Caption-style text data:
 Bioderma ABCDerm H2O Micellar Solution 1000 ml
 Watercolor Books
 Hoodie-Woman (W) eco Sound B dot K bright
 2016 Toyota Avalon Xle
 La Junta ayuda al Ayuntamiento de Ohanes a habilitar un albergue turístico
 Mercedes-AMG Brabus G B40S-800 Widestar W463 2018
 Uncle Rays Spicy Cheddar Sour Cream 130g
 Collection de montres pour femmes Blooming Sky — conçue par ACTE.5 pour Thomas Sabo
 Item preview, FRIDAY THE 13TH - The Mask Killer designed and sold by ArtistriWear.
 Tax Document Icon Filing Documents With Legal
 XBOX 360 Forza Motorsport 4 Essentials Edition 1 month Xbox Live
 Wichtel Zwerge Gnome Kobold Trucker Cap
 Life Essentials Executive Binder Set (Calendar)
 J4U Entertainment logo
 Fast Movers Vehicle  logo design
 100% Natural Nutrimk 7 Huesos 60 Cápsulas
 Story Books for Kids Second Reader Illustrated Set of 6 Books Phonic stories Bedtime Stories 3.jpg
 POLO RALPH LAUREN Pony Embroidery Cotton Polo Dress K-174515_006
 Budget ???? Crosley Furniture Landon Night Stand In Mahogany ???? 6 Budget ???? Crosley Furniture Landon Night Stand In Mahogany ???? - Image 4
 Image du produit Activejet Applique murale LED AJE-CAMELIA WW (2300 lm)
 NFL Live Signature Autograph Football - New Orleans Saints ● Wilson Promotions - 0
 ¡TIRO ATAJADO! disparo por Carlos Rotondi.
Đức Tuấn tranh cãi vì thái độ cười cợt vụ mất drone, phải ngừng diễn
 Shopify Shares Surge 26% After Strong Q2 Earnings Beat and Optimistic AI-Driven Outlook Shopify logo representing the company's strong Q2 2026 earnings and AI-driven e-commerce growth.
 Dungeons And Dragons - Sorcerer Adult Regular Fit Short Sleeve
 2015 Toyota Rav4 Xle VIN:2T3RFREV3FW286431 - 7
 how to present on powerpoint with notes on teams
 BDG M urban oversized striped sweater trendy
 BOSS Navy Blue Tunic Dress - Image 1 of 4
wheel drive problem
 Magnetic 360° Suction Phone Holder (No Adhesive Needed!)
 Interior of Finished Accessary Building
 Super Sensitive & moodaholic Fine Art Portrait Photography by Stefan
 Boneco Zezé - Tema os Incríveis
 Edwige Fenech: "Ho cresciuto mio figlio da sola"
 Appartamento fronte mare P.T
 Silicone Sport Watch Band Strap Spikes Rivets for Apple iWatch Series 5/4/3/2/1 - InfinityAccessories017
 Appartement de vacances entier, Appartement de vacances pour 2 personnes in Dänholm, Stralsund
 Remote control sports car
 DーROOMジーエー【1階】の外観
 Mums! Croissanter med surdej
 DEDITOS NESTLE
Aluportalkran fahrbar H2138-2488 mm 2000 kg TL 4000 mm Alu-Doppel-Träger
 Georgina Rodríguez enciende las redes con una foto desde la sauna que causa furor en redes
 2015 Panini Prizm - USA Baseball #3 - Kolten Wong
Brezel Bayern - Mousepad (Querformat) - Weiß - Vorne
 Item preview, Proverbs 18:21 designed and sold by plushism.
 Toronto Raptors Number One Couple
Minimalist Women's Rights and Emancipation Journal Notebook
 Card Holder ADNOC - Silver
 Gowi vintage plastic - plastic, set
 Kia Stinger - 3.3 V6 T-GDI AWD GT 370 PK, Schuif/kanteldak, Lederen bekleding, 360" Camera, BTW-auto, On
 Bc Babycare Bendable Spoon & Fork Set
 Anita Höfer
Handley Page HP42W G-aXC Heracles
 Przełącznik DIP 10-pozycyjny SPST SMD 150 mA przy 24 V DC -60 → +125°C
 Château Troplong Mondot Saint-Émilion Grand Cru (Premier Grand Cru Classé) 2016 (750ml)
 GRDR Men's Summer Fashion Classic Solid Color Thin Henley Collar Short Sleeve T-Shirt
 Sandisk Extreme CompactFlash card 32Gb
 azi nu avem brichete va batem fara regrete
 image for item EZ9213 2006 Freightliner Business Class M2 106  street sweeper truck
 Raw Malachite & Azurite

▶ [Exercise] Print every entry exactly as written.

▶ [Solution to this task]
 Bioderma ABCDerm H2O Micellar Solution 1000 ml
 Watercolor Books
 Hoodie-Woman (W) eco Sound B dot K bright
 2016 Toyota Avalon Xle
 La Junta ayuda al Ayuntamiento de Ohanes a habilitar un albergue turístico
 Mercedes-AMG Brabus G B40S-800 Widestar W463 2018
 Uncle Rays Spicy Cheddar Sour Cream 130g
 Collection de montres pour femmes Blooming Sky — conçue par ACTE.5 pour Thomas Sabo
 Item preview, FRIDAY THE 13TH - The Mask Killer designed and sold by ArtistriWear.
 Tax Document Icon Filing Documents With Legal
 XBOX 360 Forza Motorsport 4 Essentials Edition 1 month Xbox Live
 Wichtel Zwerge Gnome Kobold Trucker Cap
 Life Essentials Executive Binder Set (Calendar)
 J4U Entertainment logo
 Fast Movers Vehicle  logo design
 100% Natural Nutrimk 7 Huesos 60 Cápsulas
 Story Books for Kids Second Reader Illustrated Set of 6 Books Phonic stories Bedtime Stories 3.jpg
 POLO RALPH LAUREN Pony Embroidery Cotton Polo Dress K-174515_006
 Budget ???? Crosley Furniture Landon Night Stand In Mahogany ???? 6 Budget ???? Crosley Furniture Landon Night Stand In Mahogany ???? - Image 4
 Image du produit Activejet Applique murale LED AJE-CAMELIA WW (2300 lm)
 NFL Live Signature Autograph Football - New Orleans Saints ● Wilson Promotions - 0
 ¡TIRO ATAJADO! disparo por Carlos Rotondi.
Đức Tuấn tranh cãi vì thái độ cười cợt vụ mất drone, phải ngừng diễn
 Shopify Shares Surge 26% After Strong Q2 Earnings Beat and Optimistic AI-Driven Outlook Shopify logo representing the company's strong Q2 2026 earnings and AI-driven e-commerce growth.
 Dungeons And Dragons - Sorcerer Adult Regular Fit Short Sleeve
 2015 Toyota Rav4 Xle VIN:2T3RFREV3FW286431 - 7
 how to present on powerpoint with notes on teams
 BDG M urban oversized striped sweater trendy
 BOSS Navy Blue Tunic Dress - Image 1 of 4
wheel drive problem
 Magnetic 360° Suction Phone Holder (No Adhesive Needed!)
 Interior of Finished Accessary Building
 Super Sensitive & moodaholic Fine Art Portrait Photography by Stefan
 Boneco Zezé - Tema os Incríveis
 Edwige Fenech: "Ho cresciuto mio figlio da sola"
 Appartamento fronte mare P.T
 Silicone Sport Watch Band Strap Spikes Rivets for Apple iWatch Series 5/4/3/2/1 - InfinityAccessories017
 Appartement de vacances entier, Appartement de vacances pour 2 personnes in Dänholm, Stralsund
 Remote control sports car
 DーROOMジーエー【1階】の外観
 Mums! Croissanter med surdej
 DEDITOS NESTLE
Aluportalkran fahrbar H2138-2488 mm 2000 kg TL 4000 mm Alu-Doppel-Träger
 Georgina Rodríguez enciende las redes con una foto desde la sauna que causa furor en redes
 2015 Panini Prizm - USA Baseball #3 - Kolten Wong
Brezel Bayern - Mousepad (Querformat) - Weiß - Vorne
 Item preview, Proverbs 18:21 designed and sold by plushism.
 Toronto Raptors Number One Couple
Minimalist Women's Rights and Emancipation Journal Notebook
 Card Holder ADNOC - Silver
 Gowi vintage plastic - plastic, set
 Kia Stinger - 3.3 V6 T-GDI AWD GT 370 PK, Schuif/kanteldak, Lederen bekleding, 360" Camera, BTW-auto, On
 Bc Babycare Bendable Spoon & Fork Set
 Anita Höfer
Handley Page HP42W G-aXC Heracles
 Przełącznik DIP 10-pozycyjny SPST SMD 150 mA przy 24 V DC -60 → +125°C
 Château Troplong Mondot Saint-Émilion Grand Cru (Premier Grand Cru Classé) 2016 (750ml)
 GRDR Men's Summer Fashion Classic Solid Color Thin Henley Collar Short Sleeve T-Shirt
 Sandisk Extreme CompactFlash card 32Gb
 azi nu avem brichete va batem fara regrete
 image for item EZ9213 2006 Freightliner Business Class M2 106  street sweeper truck
 Raw Malachite & Azurite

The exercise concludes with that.